In issue #5, "The Vision" continues to take its "uncanny valley" atmosphere to weirder and more heartbreaking depths. Tom King and Gabriel Hernandez Walta take a gimmicky construct and morph it into a creepy, powerful and shockingly emotional story. Whether in the colors, the artwork or the dialogue, this issue finds new ways to expose the eerie and devastating moments in the most innocuous events. There's a good reason everyone is talking about this book.

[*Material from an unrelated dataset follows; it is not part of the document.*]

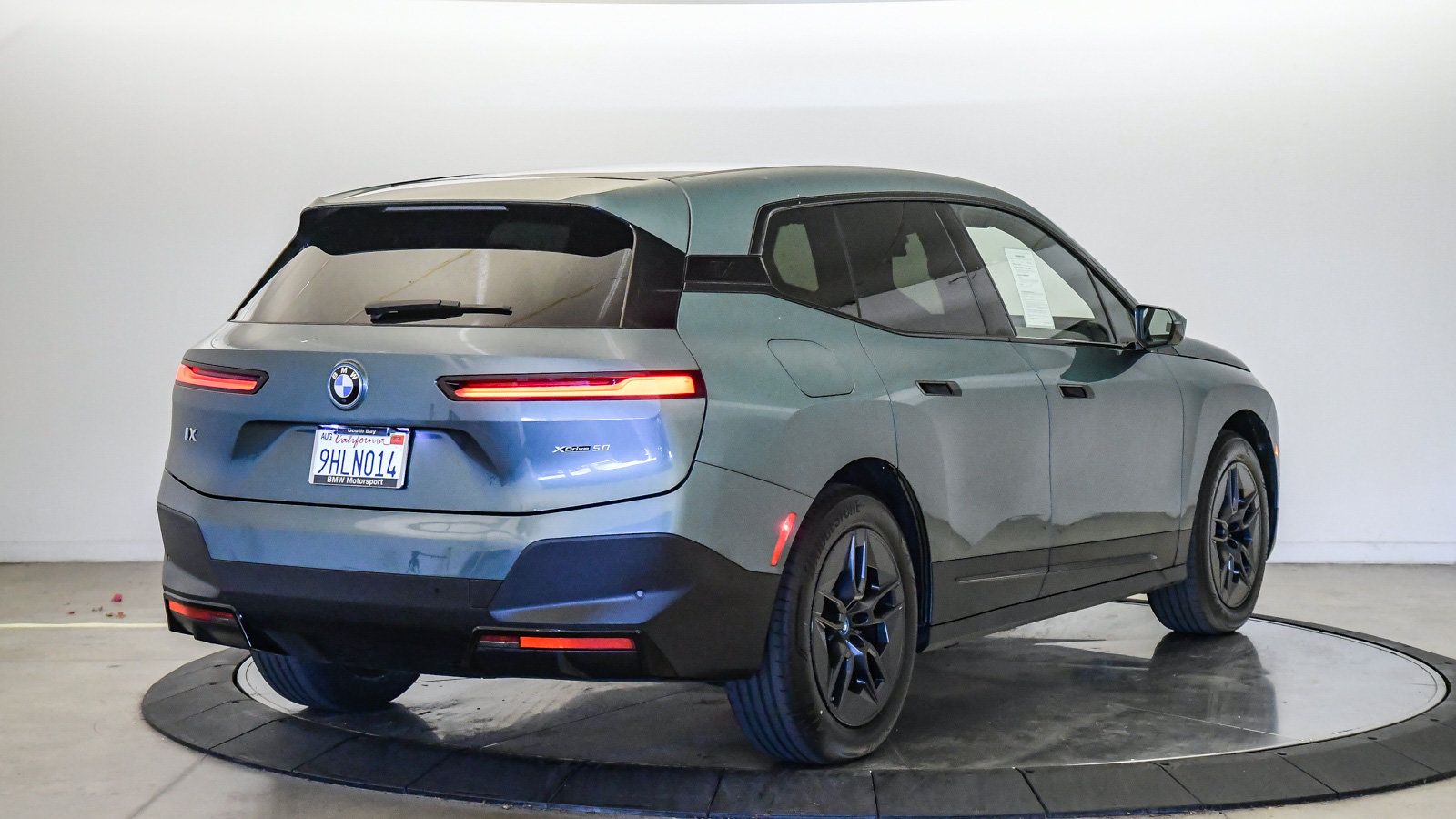 Used 2024 BMW iX xDrive50 AWD/4WD image 5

In this issue, the Visions have to deal with the escalating consequences of the Grim Reaper's murder. King captions the first quarter of the issue with Shylock's "do we not bleed?" monologue from Shakespeare's "Merchant of Venice" and closes it with a robotic, itemized list of the Vision's heroic actions. This high stylization could have gone seriously wrong; it's the sort of gambit that can only work with delicate and complex execution, and King nails it. He has such a strong ear for the sinister and sad possibilities that underlie seemingly bland speech. He lets simple sentences like "It will not take long" land like judgments, and these moments expose the mercilessness that can come with "logical" thinking. Meanwhile, the use of repetition renders comforts like "everything is normal" desperate and pleading. Conversations in "The Vision" are relentlessly unexpected.

Of course, whether highly stylized or deceptively simple, risky dialogue is guaranteed to flop without an artist who understands the pacing. Gabriel Hernandez Walta's artwork balances King's words perfectly. He can capture the tumultuous emotion behind a straightforward statement or creep the reader out with the blank, empty faces that accompany a kind sentiment. That play between the text and the visuals gives "The Vision" #5 so much of its power, and it invites the reader inside the characters' heads. Walta constantly encourages the reader to play psychologist.

Colorist Jordie Bellaire delivers a dulled-out version of suburbia that feels like the opening of a '50s or '60s horror movie. All the buildings and walls look terribly ordinary: grey and beige alongside the Visions' vivid red and green faces.

The element that ties this issue together, though, is the lettering. Clayton Cowles handles an almost absurd amount of text -- much of it in page elements that run simultaneously beside one another. For example, when the Vision is escorted out of his house to the police station, the story of the detective's first lethal shooting runs alongside the scene in the narration. Cowles and Walta somehow construct the panels to make this not only readable, but easily and enjoyably so. The fact they perform similar feats throughout the issue just makes it all the more impressive.

My main criticism of "Vision" #5 is that there's always something uncomfortable about comparing actual human minority groups to aliens, robots or synthezoids. I think the Shylock speech works well here, but I can appreciate the metaphor while still recognizing that its effect swings both ways: humanizing and contextualizing the Vision family's struggle, yes, but also re-emphasizing the "foreignness" and de-contextualizing the oppression of actual human beings. These comparison always feel a little off for me, even when they land like they're meant to.

Overall, "The Vision" is as much a moving, disturbing must-read as everyone's been saying. If you haven't given this series a chance yet, do yourself a favor and try it out.